Now, the end result is actually in a much better shape than that initian thought...

I might revisit it at some point, however, but right now, this is the result as it stands...



Ideas and suggestion are welcome and, as usual, furniture elements come from Dundjinni...

----------


## Simon33600

Ok, so I went ahead and made the decrepit version I was talking about**:




*Shrug*; I don't know how much I like it yet, but I am rather happy with the partly underwater statues...

----------


## Jacktannery

Hi there - I love your columns - I think they look really great. Also your wave mosaic is very lovely indeed - I like how the mosaic and columns are nice and big, and that the map in general is quite simple and not too cluttered.

For the decrepit version (if you don't mind me offering my opinion) I'd consider toning down the saturation of the entire piece significantly (particularly of the grass, bush and desks), then adding some bluish-green (rather than greenish) water over. This might help to reduce the 'cartoonish' effect. Adding some ripples might also make the water look more watery. The only other thing is a line of green pixels along the length of the right-hand fallen column which looks very pixelated and should be fixed.

----------


## Simon33600

> Hi there - I love your columns - I think they look really great.
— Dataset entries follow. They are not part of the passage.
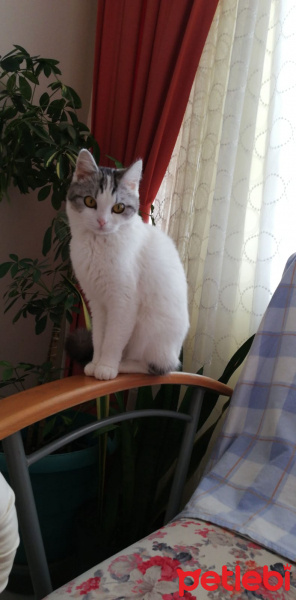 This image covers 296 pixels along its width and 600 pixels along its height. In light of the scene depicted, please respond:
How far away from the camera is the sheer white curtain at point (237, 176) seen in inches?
49.7

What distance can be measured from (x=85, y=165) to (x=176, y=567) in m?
0.74

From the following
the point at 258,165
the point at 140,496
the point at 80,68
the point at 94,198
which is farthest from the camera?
the point at 80,68

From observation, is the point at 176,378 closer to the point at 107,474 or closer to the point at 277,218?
the point at 107,474

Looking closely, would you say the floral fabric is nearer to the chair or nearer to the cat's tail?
the chair

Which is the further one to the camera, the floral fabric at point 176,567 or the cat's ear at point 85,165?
the cat's ear at point 85,165

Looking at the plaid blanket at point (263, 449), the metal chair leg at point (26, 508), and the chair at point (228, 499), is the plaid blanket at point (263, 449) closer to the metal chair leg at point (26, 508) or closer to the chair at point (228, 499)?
the chair at point (228, 499)

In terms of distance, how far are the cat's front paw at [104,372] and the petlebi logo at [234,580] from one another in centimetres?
34

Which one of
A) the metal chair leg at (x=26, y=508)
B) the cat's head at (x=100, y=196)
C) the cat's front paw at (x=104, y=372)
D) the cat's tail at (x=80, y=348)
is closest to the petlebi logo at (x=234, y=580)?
the metal chair leg at (x=26, y=508)

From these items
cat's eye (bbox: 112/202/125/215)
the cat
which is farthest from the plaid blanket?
cat's eye (bbox: 112/202/125/215)

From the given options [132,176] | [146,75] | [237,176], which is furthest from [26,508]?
[146,75]

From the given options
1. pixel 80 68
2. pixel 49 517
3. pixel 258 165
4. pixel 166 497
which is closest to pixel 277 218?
pixel 258 165

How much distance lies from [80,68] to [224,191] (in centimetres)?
104

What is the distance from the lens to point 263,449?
3.28 feet

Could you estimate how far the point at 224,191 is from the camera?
136 centimetres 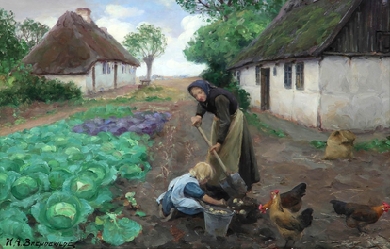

Also your wave mosaic is very lovely indeed - I like how the mosaic and columns are nice and big, and that the map in general is quite simple and not too cluttered.
> 
> For the decrepit version (if you don't mind me offering my opinion) I'd consider toning down the saturation of the entire piece significantly (particularly of the grass, bush and desks), then adding some bluish-green (rather than greenish) water over. This might help to reduce the 'cartoonish' effect. Adding some ripples might also make the water look more watery. The only other thing is a line of green pixels along the length of the right-hand fallen column which looks very pixelated and should be fixed.



Thanks for the advices.

What do you think of it now...

Mostly, I am not sure about the ripples...

----------


## Jaxilon

It's looking very nice. 

If you want to get really technical about it, the water would go up the grout lines a bit farther than where it stops along the tiles do to absorption and the fact that a grout line is a lower than the tile surface. Very minor detail but true, unless everything is really waterproof which for an indoor space would be unlikely. I'm just pointing out a really small detail so feel free to ignore it.

What is the feel you are going for here? Is it a happy place with the sun shining down that has just been abandoned or are you heading for a darker scarier feel? The reason I ask is because to me the coloring seems fairly..I dunno...friendly maybe?

You could add in some rubble around where the columns are busted up and to show some wall erosion but it depends on how long entropy has been at work.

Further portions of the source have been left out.